While less than three weeks remain until Student Government elections, two UND students and political veterans have expanded the field.

John Hoff, currently Law School Student Senator, and Melissa Van Hoff, a senior English and political science major, announced their candidacy in a guest column Hoff submitted to the Dakota Student earlier this week. In it, he argued that the other two campaigns have left parking tickets, which he believes should be a top priority, out of their platforms. To counteract this, Hoff and Van Hoff will campaign on the single-issue platform of parking tickets.

"The parking situation on this campus is a joke," Hoff said.

Hoff said that people vent to him frequently about UND's enforcement of parking. He said that the system is flawed, with an inadequate and inconvenient appeals process and unreasonable fees for tickets that are paid late.

"It's not about making the (parking) system more efficient," he said. " ... It's about sucking less money out of students."

"People care about getting nickel-and-dimed to death," he added. "That's what they care about."

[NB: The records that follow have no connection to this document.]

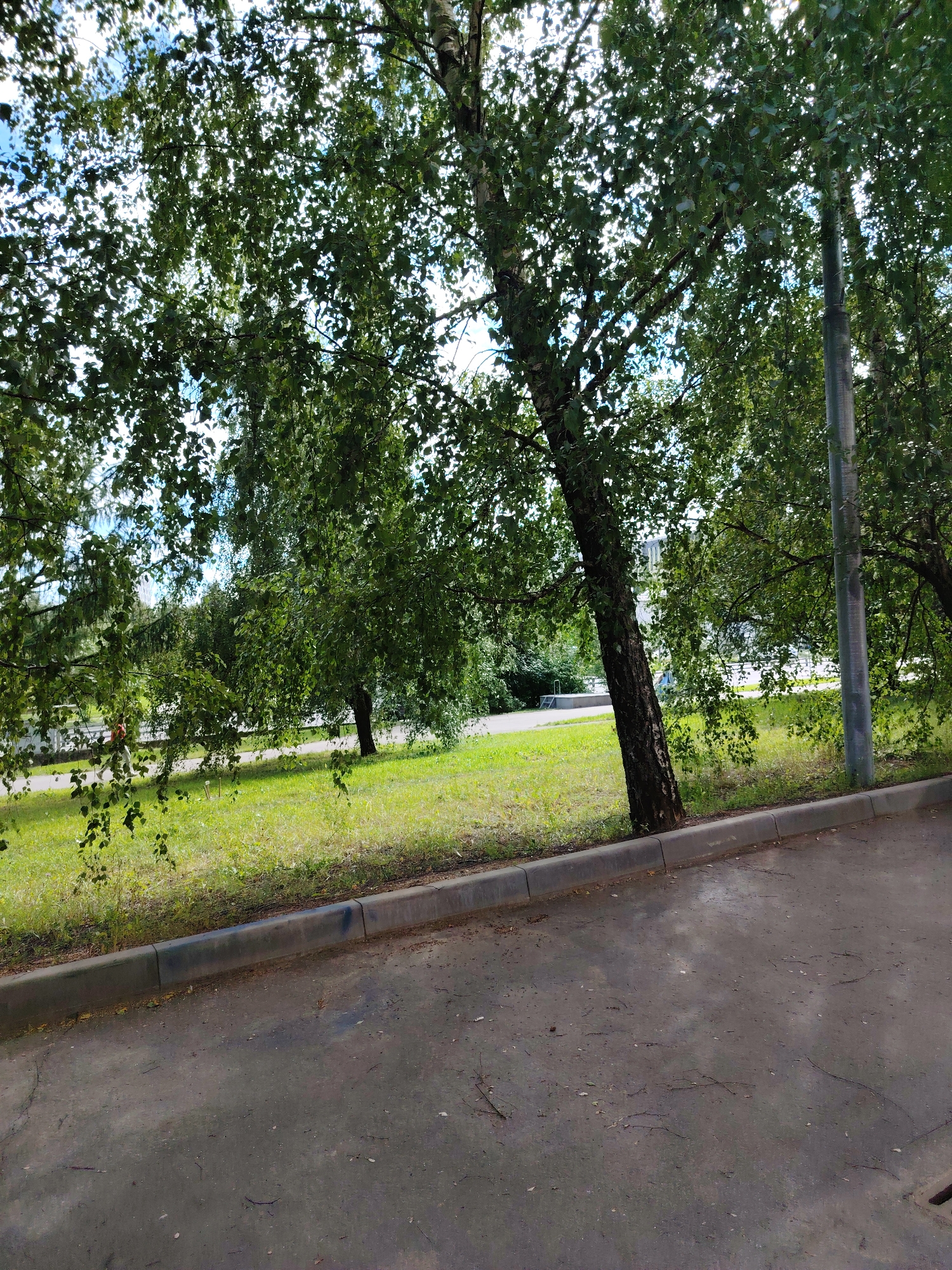 In Zelenograd, Russia, on a sunny day, a paved area leads to a curb separating it from a strip of grass. Beyond the grass, a road is visible, with trees lining the background. The trees are lush with green leaves, and one tree in particular, a birch, leans significantly into the frame. The sky is partly cloudy.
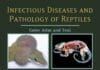 Infectious Diseases and Pathology of Reptiles: Color Atlas and Text PDF
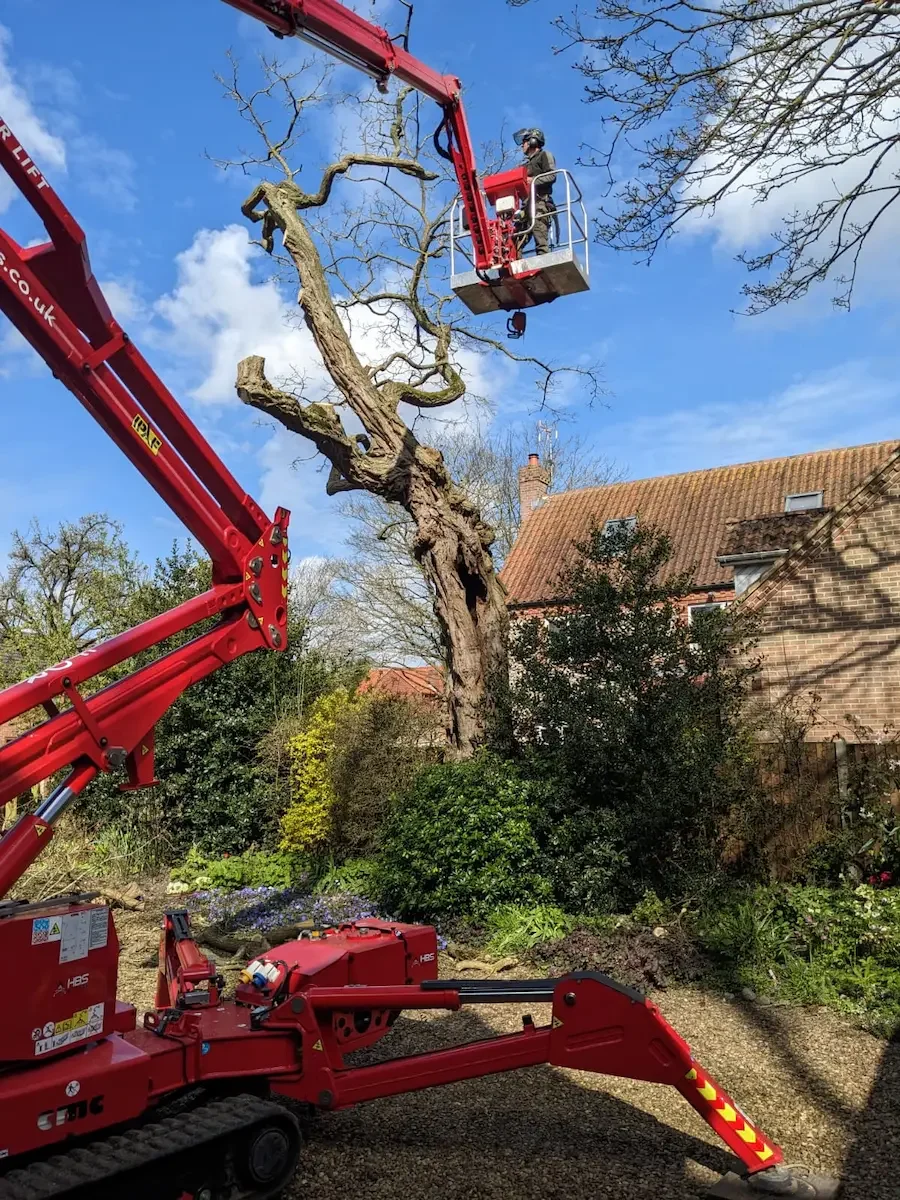 Dangerous tree removal In norfolk
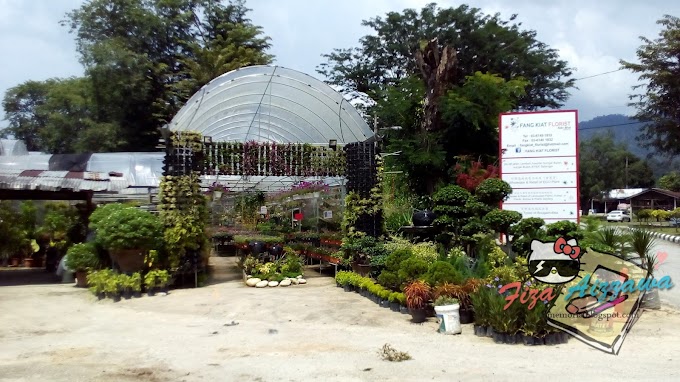 Pelbagai Bunga hiasan dan pokok hiasan di Nurseri Bunga, Sg. Buloh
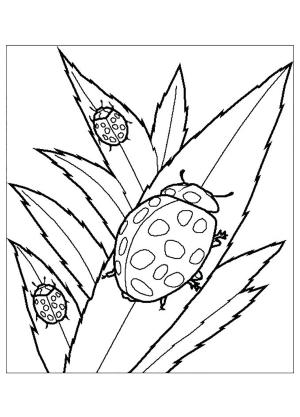 Böcekler boyama sayfası,  coloring page, Ücretsiz Böcek Görüntü Anahat, 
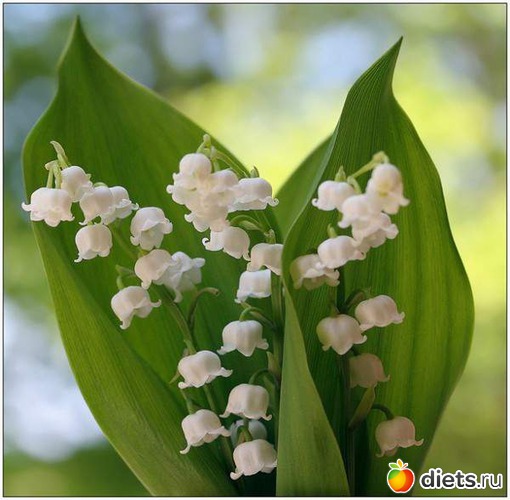 3 фото: lilies of the valley •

Hoff and Van Hoff both admit that their election chances are slim, as time and resources devoted to campaigning will be minimal and they will rely on write-in votes on election day. However, winning election isn't necessarily their goal.

"When you run a lopsided campaign like this, there are certain things you try to achieve," Hoff said.

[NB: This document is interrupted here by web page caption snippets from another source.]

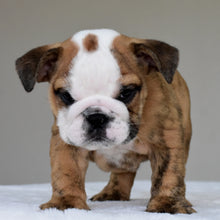 THEO - $2,800
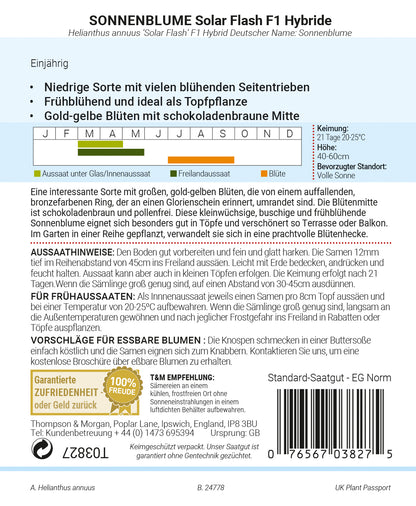  Sonnenblume Solar Flash F1-Hybride [MHD 12/2025]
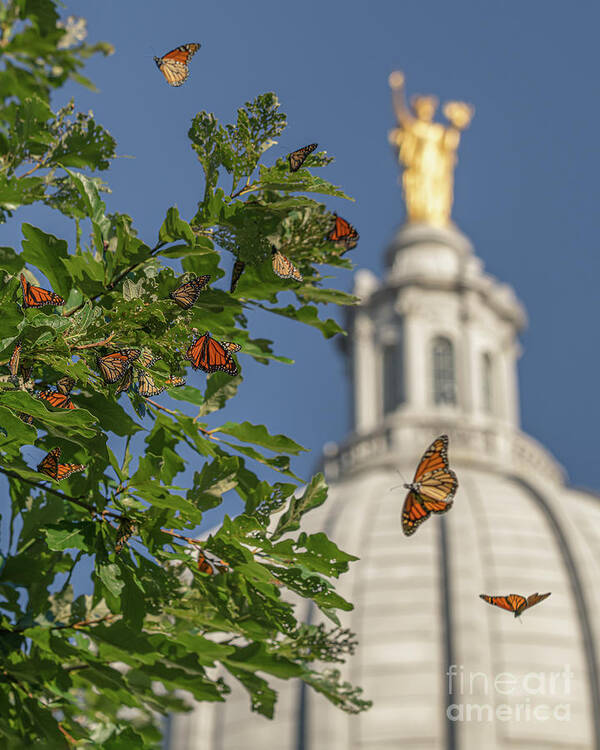 Monarchs Art Print featuring the photograph Monarchs Migrating Through Madison #1 by Amfmgirl Photography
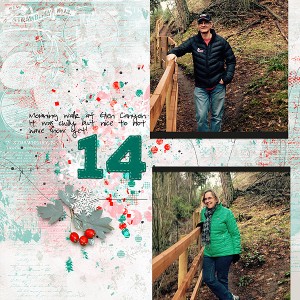 Dec-14-cweb
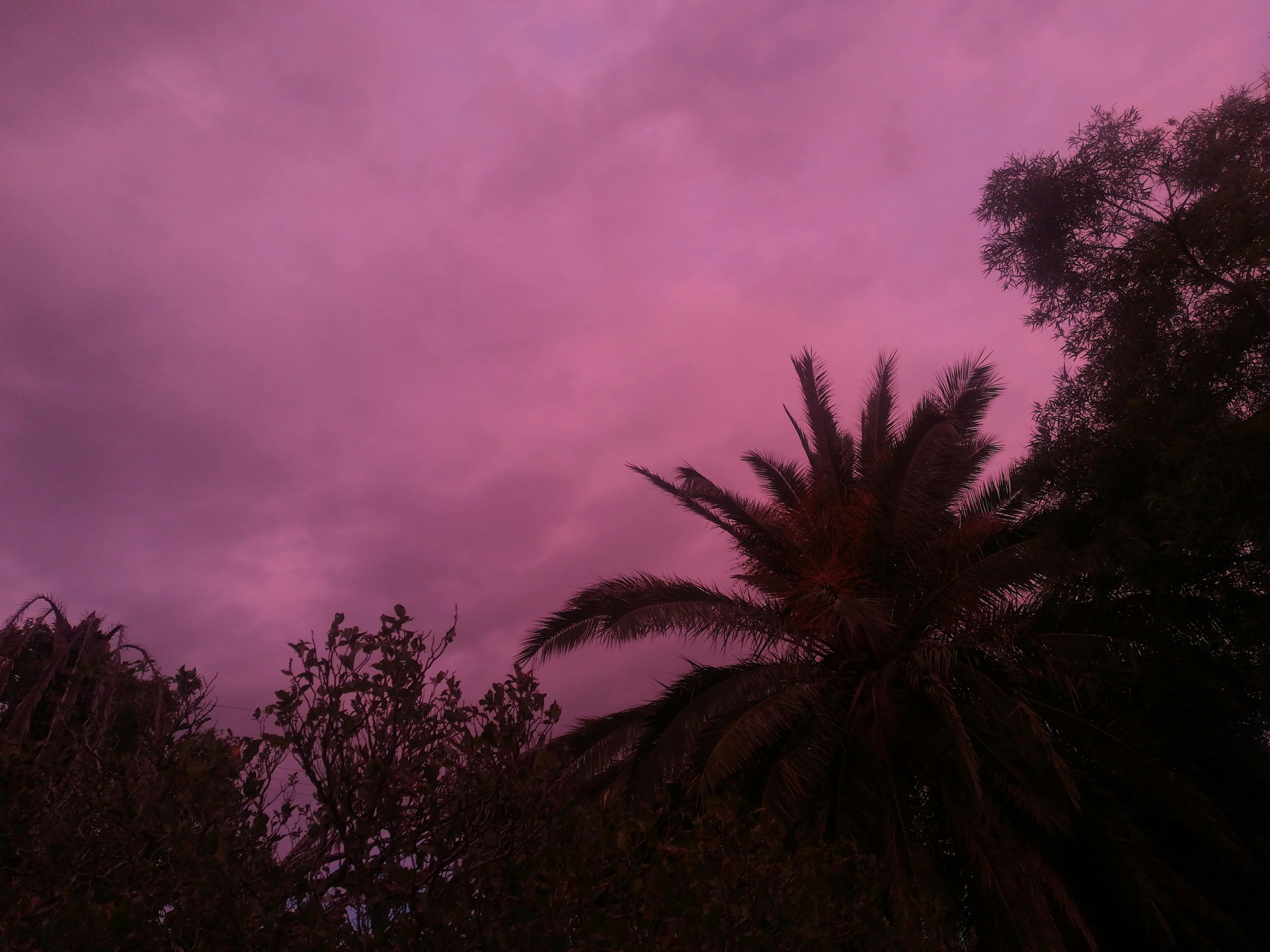 Developer-style code and design tools open on a screen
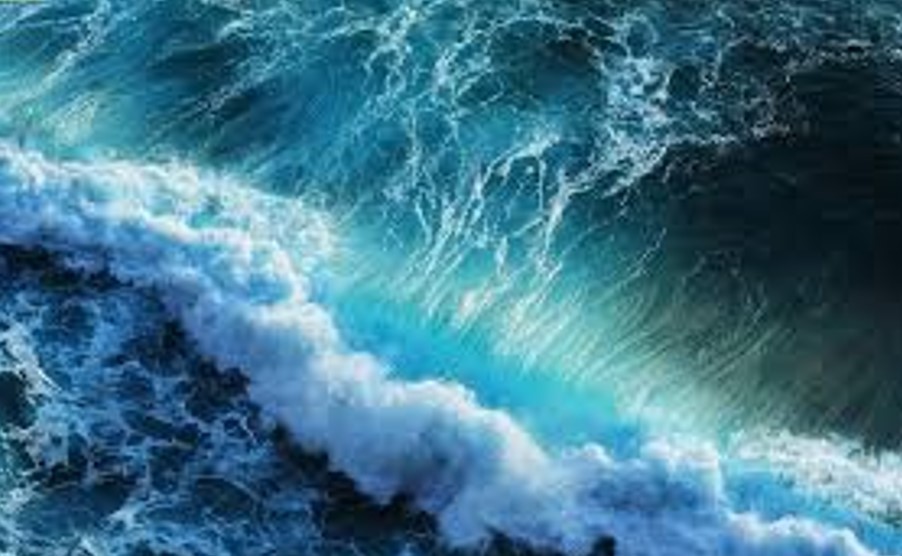 Thời tiết biển hôm nay 9/11: Bão số 7 mạnh nhất, giữ cường độ giật cấp 17, biển động dữ dội Thời tiết biển hôm nay 9/11: Bão số 7 mạnh nhất, giữ cường độ giật cấp 17, biển động dữ dội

He said that his goal is to get five percent of the vote, or a number larger than the margin of victory. If that happens, he said, then the losing party could attribute their defeat to lack of attention to parking tickets.

"If you just get an idea out there it doesn't matter if you win sometimes," Hoff said. "Sometimes it takes shape. It happens."

But that doesn't mean Hoff and Van Hoff are discounting their chances. Though Van Hoff plans to graduate in May and is applying for a spot in the Peace Corps, she said that she would stay for another year should the campaign be successful. And Hoff has his own ideas of how Student Government should be run.

"I would immediately put my opponents in offices of power," he said of a potential victory.

"They're highly qualified people. Build bridges. Compromise."

Hoff and Van Hoff are not strangers to the political process. Hoff gained a reputation in the Grand Forks area when he was elected to, and later recalled from, the Grand Forks City Council. Van Hoff ran for the North Dakota State Legislature on the Democratic ticket in 2000.

Hoff said that the two will stick to their platform of "parking tickets and nothing else." He pointed to his record on the Grand Forks City Council, where he says his refusal to budge from his platform cost him his seat.

"I promised I'd talk about hemp," he said. "I did. I kept my promises."